§ TASK TO COMPLETE
Retype only the lines below from the one with "Черный Опель Вектра, объемом" to the one with "Young woman in", inclusive, skipping every image.

§ TASK INPUT
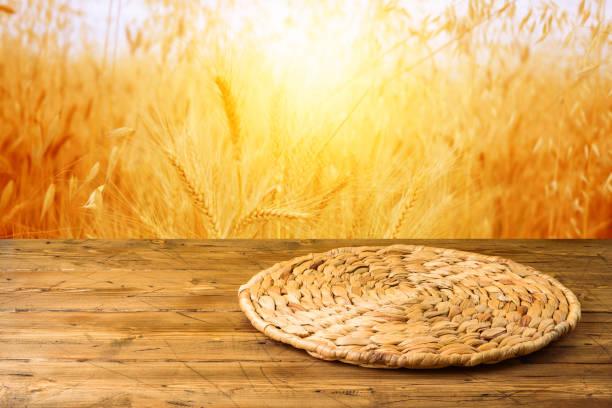 istock Empty wooden table with wicker round placemat over wheat field background. Harvest mock up background 1225614539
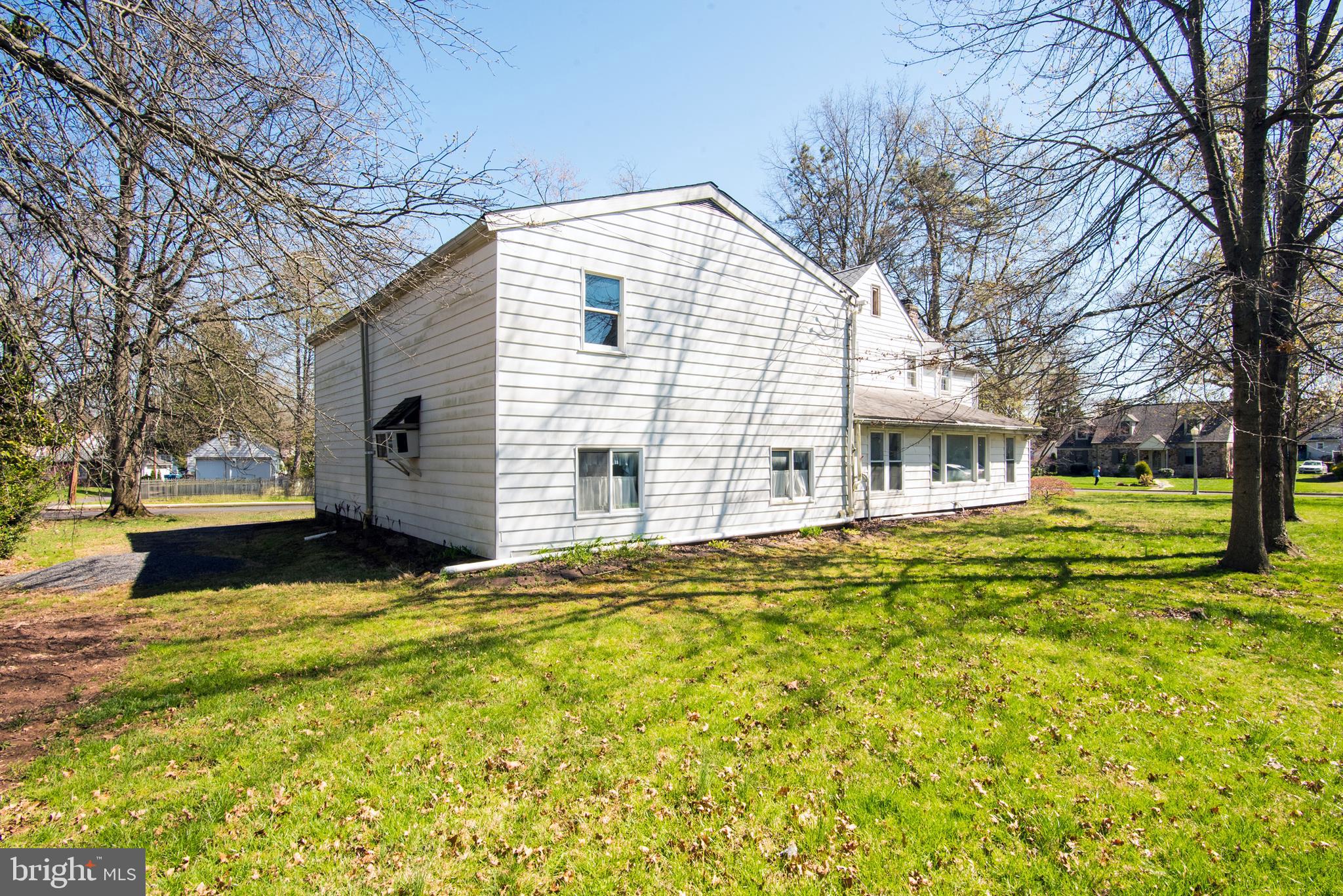 800 Forrest Street Lansdale, PA 19446 - Photo 4 of 42 a view of a house with a yard patio and fire pit
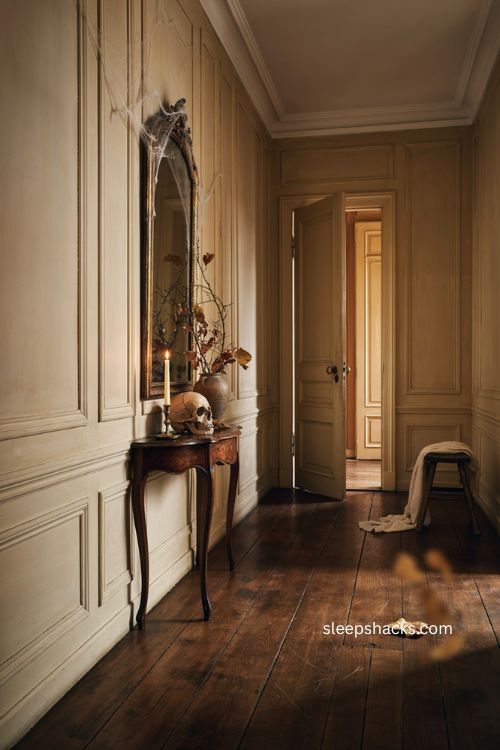 Heritage hallway Halloween decor with subtle spiderwebs skull candle and traditional Gothic elegance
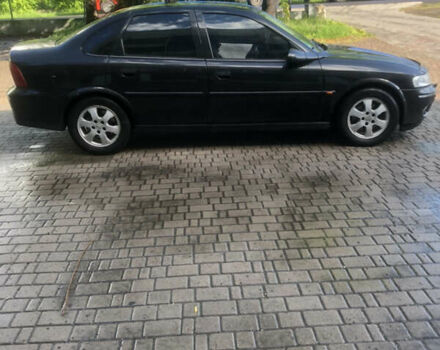 Черный Опель Вектра, объемом двигателя 2.2 л и пробегом 311 тыс. км за 3200 $, фото 1 на Automoto.ua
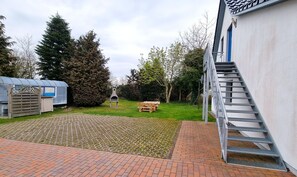Et boligområde med en trappe, der fører op til en hvid bygning, et overdækket område og et picnicbord.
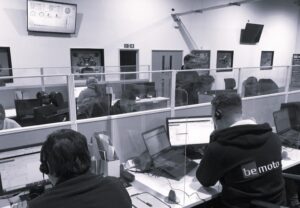 A black and white photo of a large contact centre with banks of desks. There are figures sat at the desks wearing headsets and handling customer calls. The office is decorated with pictures of motorcycles.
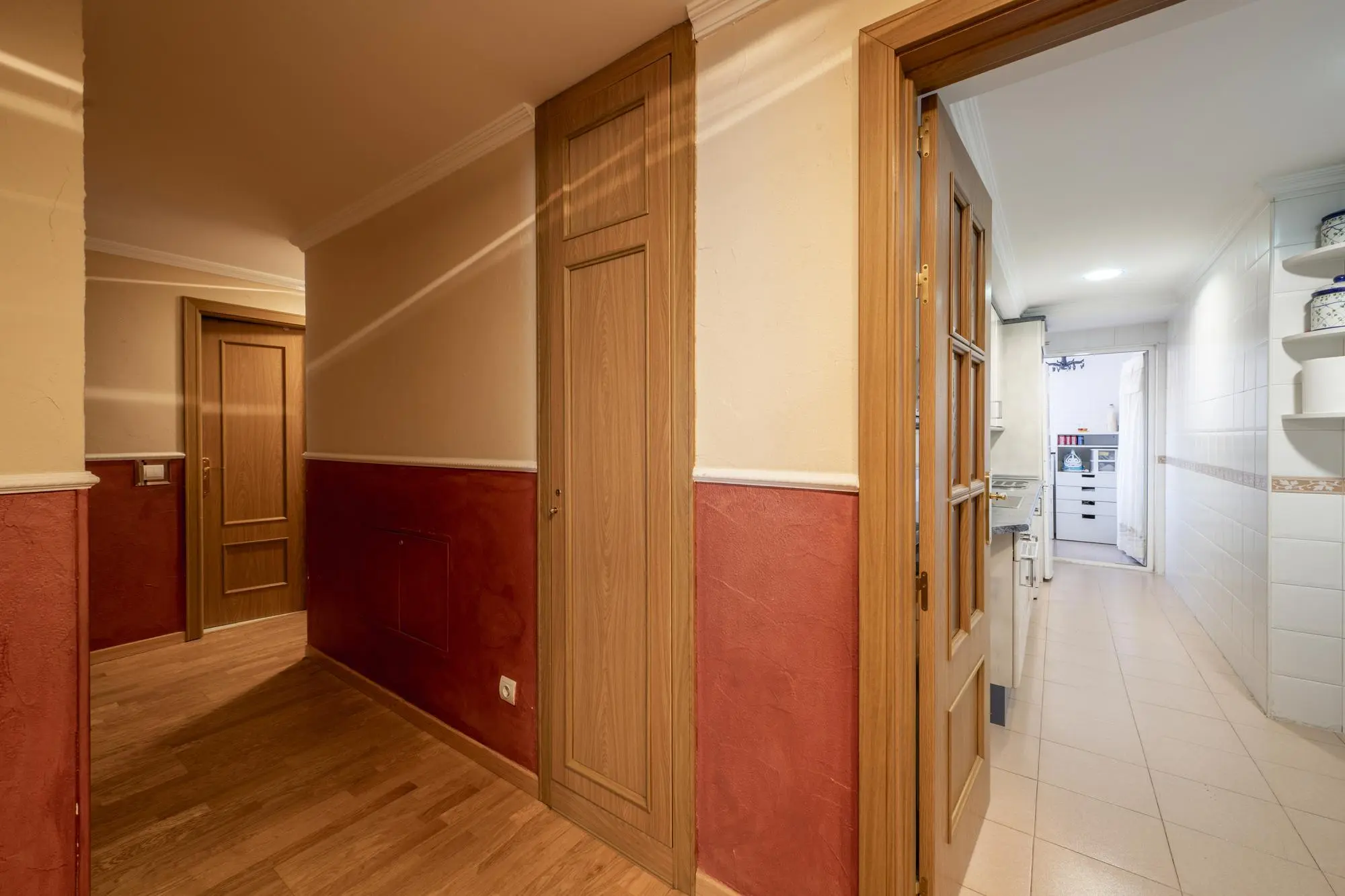 Hallway showing straight alignment toward the front door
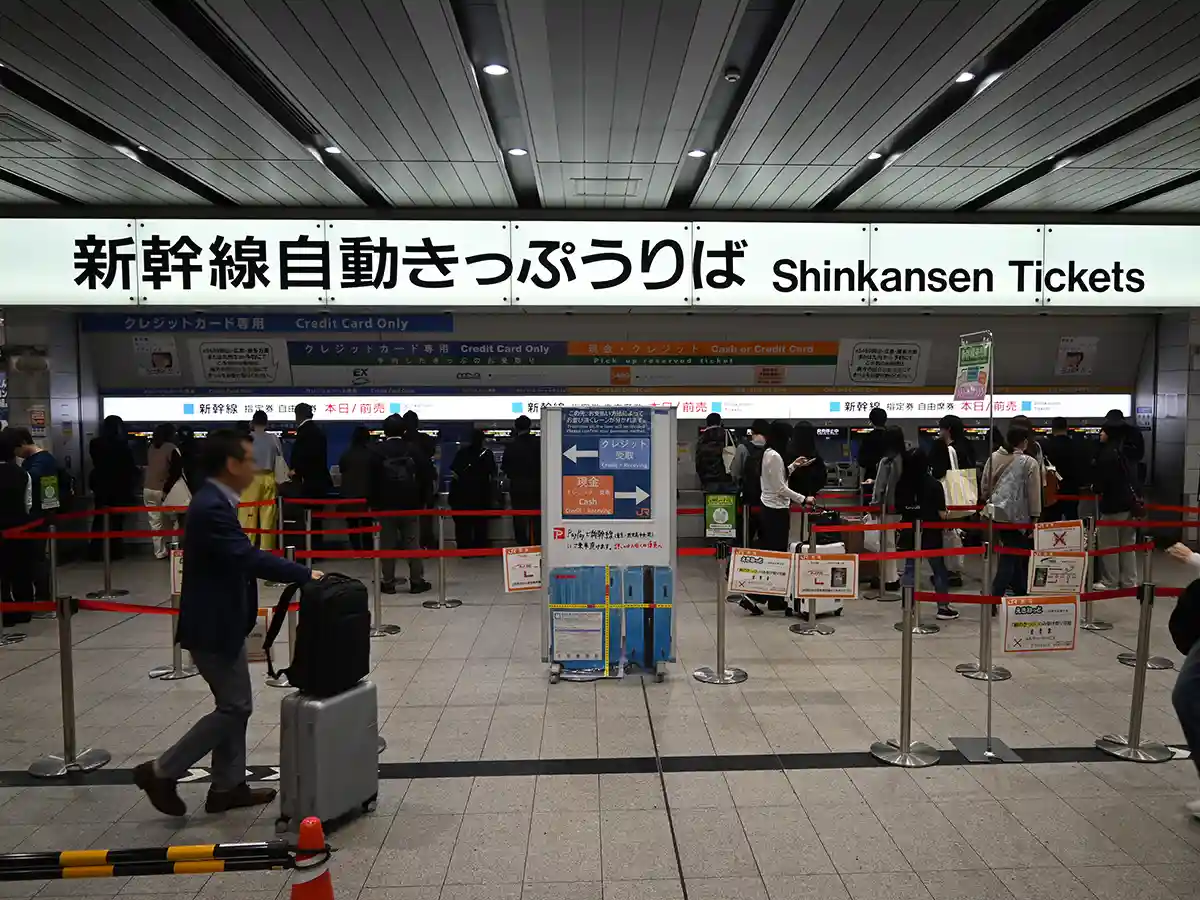 Shinkansen ticket machines at Shin-Osaka Station Central Gate with travelers preparing for boarding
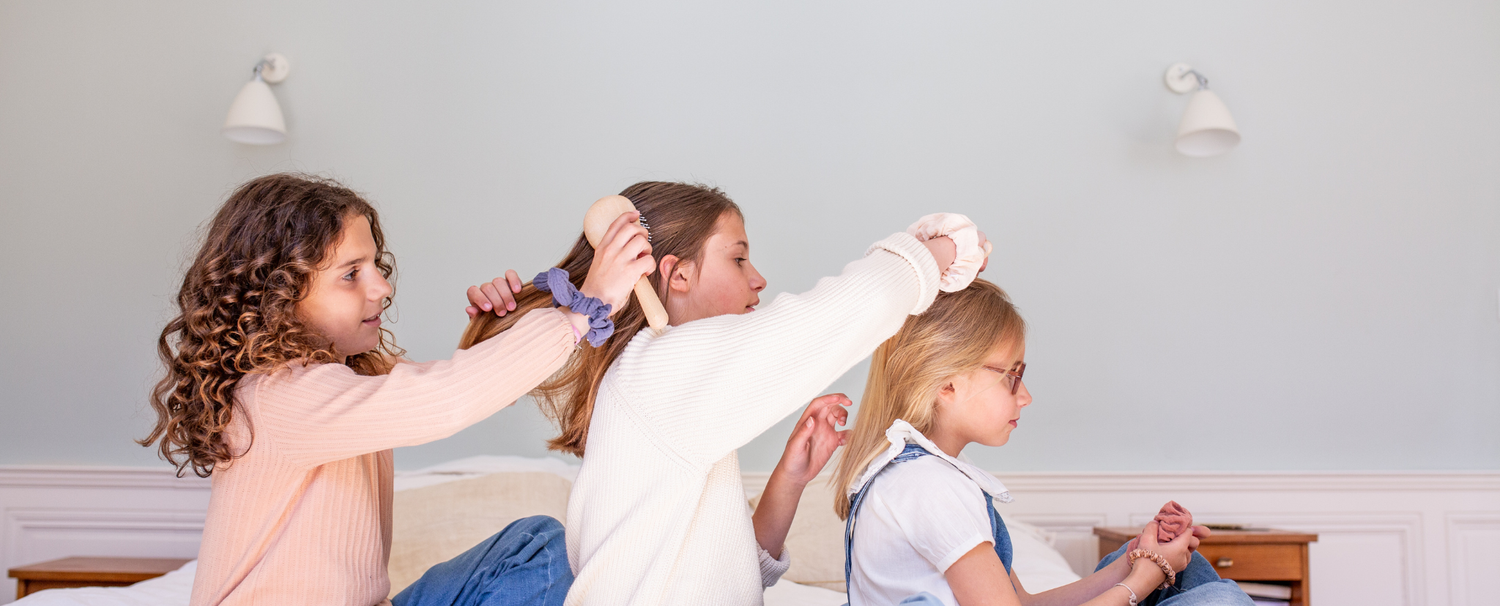 Petites filles se brossant les cheveux avec des brosses à cheveux de la marque Bachca sur un lit à la queue.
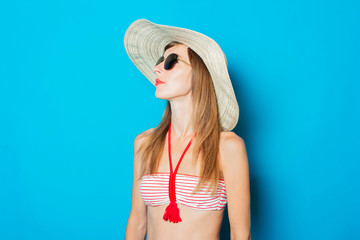 Young woman in a swimsuit, glasses and a wide-brimmed hat on a blue background. Concept of vacation, summer, vacation at sea
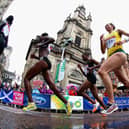 Competitors run past St George's Tron Church during the Women's Marathon at the 2014 Commonwealth Games in Glasgow (Picture: Ryan Pierse/Getty Images)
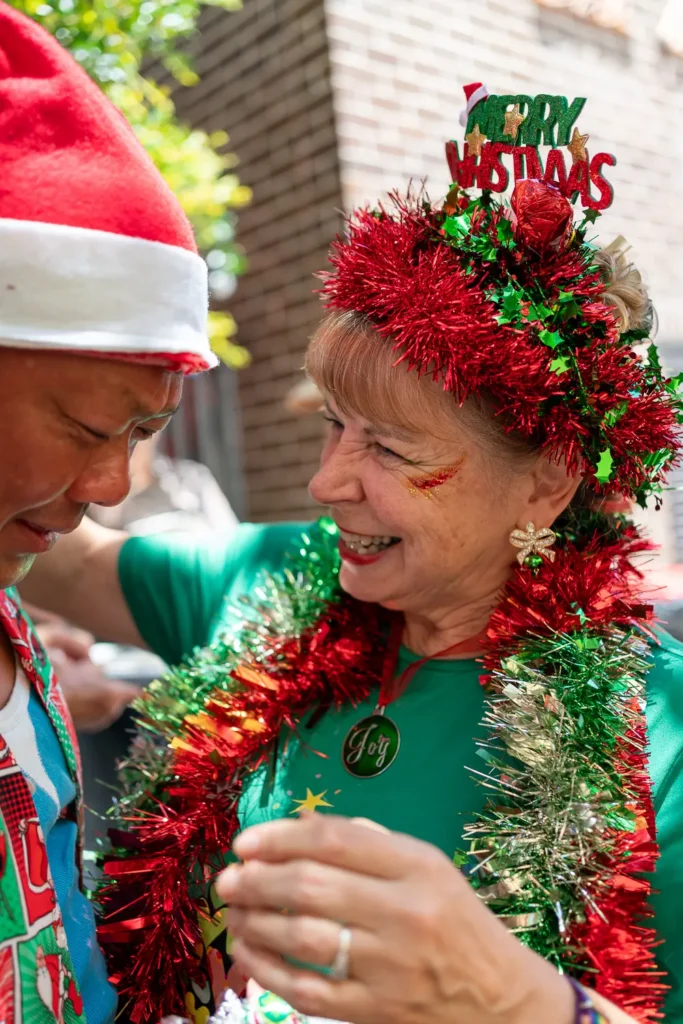 Smiling guests in colourful tinsel and Christmas hats at the Wayside Chapel celebration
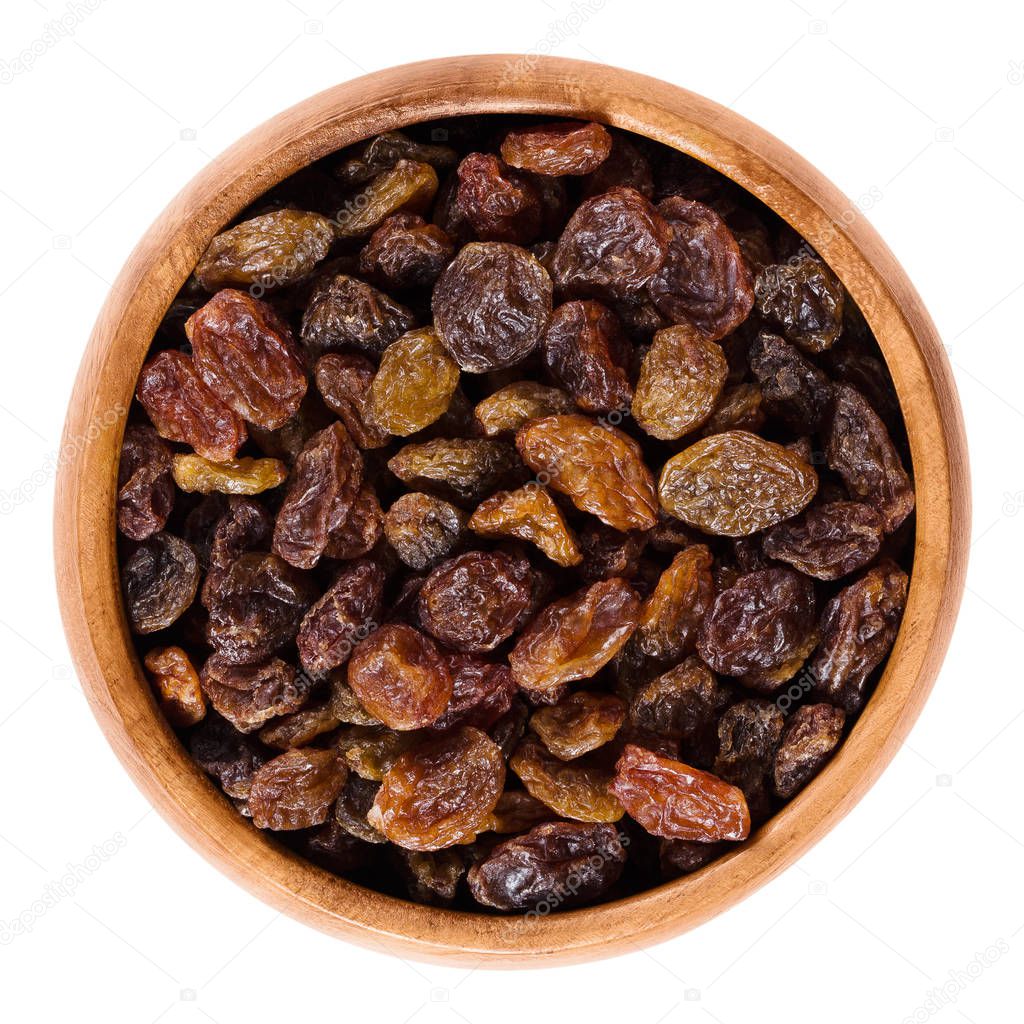 Dark brown raisins in wooden bowl over white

§ SOLUTION
 Черный Опель Вектра, объемом двигателя 2.2 л и пробегом 311 тыс. км за 3200 $, фото 1 на Automoto.ua
Et boligområde med en trappe, der fører op til en hvid bygning, et overdækket område og et picnicbord.
 A black and white photo of a large contact centre with banks of desks. There are figures sat at the desks wearing headsets and handling customer calls. The office is decorated with pictures of motorcycles.
 Hallway showing straight alignment toward the front door
 Shinkansen ticket machines at Shin-Osaka Station Central Gate with travelers preparing for boarding
 Petites filles se brossant les cheveux avec des brosses à cheveux de la marque Bachca sur un lit à la queue.
 Young woman in a swimsuit, glasses and a wide-brimmed hat on a blue background. Concept of vacation, summer, vacation at sea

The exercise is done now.